INSTRUCTIONS TO FOLLOW: In the material below, find the line with "Ice Blue Gown" and the line with "Spigen SGP Aluminum". Output exactly those two lines and all lines between them, leaving out pictures.

DATA TO PROCESS:

"""

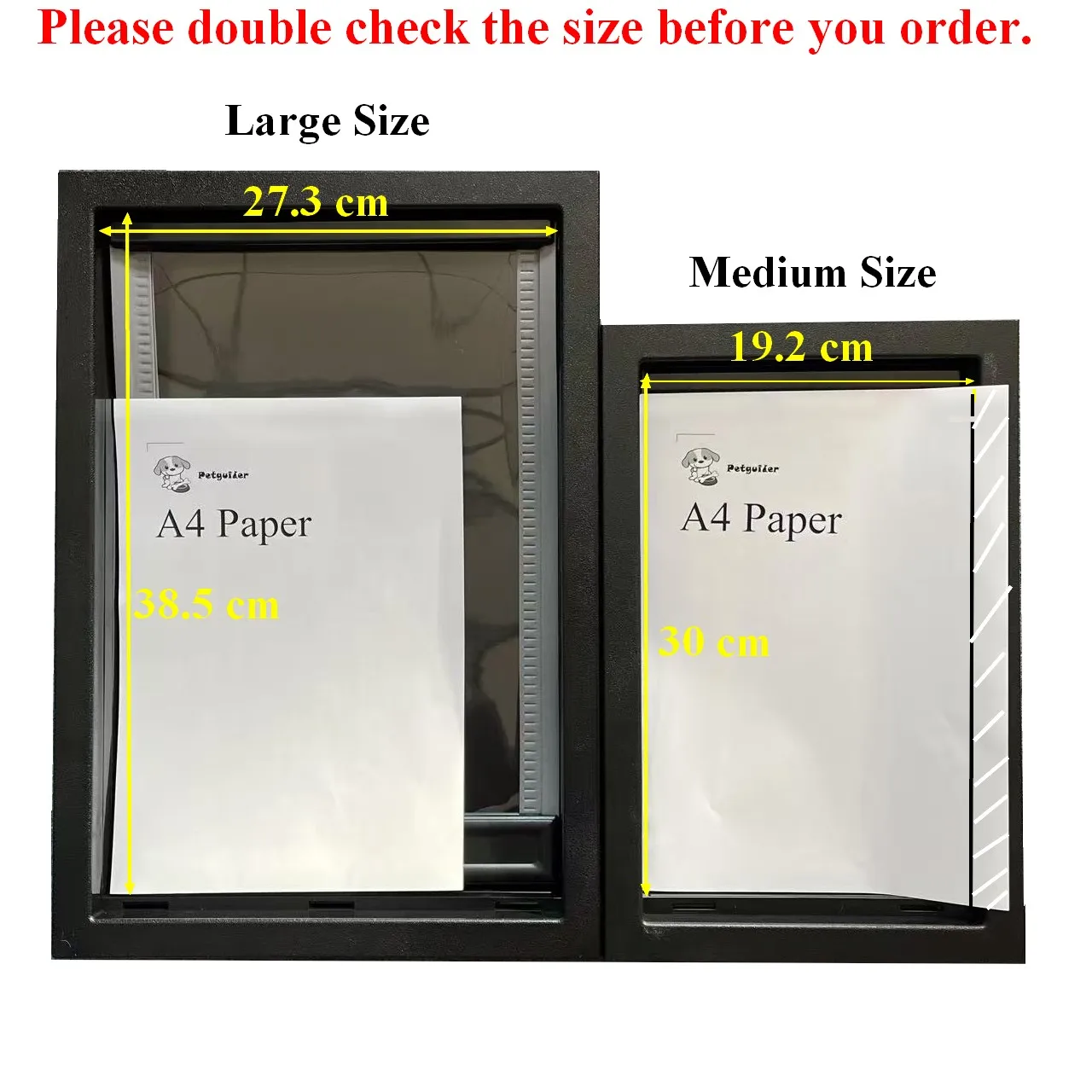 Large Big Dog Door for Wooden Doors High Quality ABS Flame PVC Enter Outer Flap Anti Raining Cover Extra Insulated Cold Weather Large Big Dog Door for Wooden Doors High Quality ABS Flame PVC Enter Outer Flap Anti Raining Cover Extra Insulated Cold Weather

"""
"""

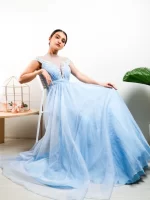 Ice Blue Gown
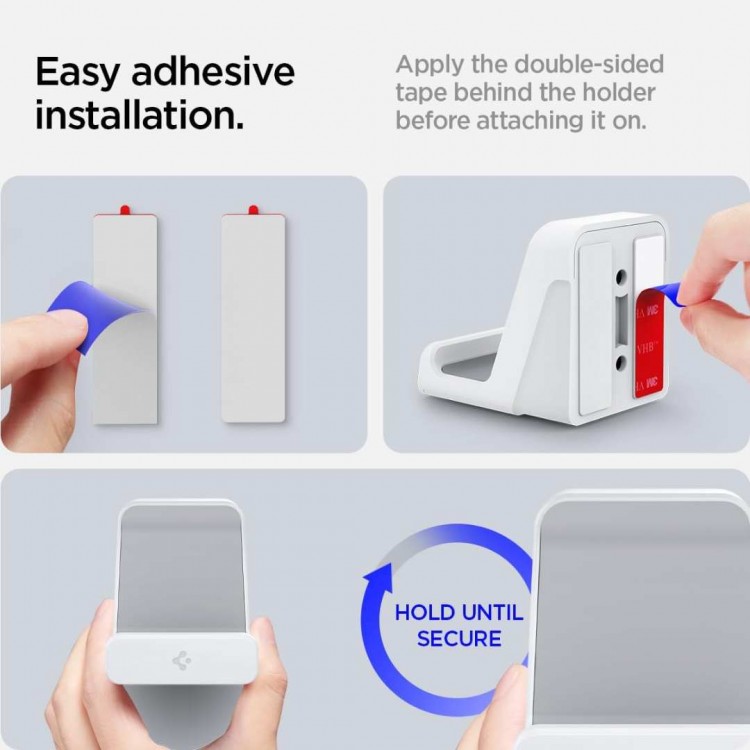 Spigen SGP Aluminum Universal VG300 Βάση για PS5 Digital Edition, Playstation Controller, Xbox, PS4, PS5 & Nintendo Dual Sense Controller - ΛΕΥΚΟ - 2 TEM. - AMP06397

"""

ANSWER SPACE:
 Ice Blue Gown
 Spigen SGP Aluminum Universal VG300 Βάση για PS5 Digital Edition, Playstation Controller, Xbox, PS4, PS5 & Nintendo Dual Sense Controller - ΛΕΥΚΟ - 2 TEM. - AMP06397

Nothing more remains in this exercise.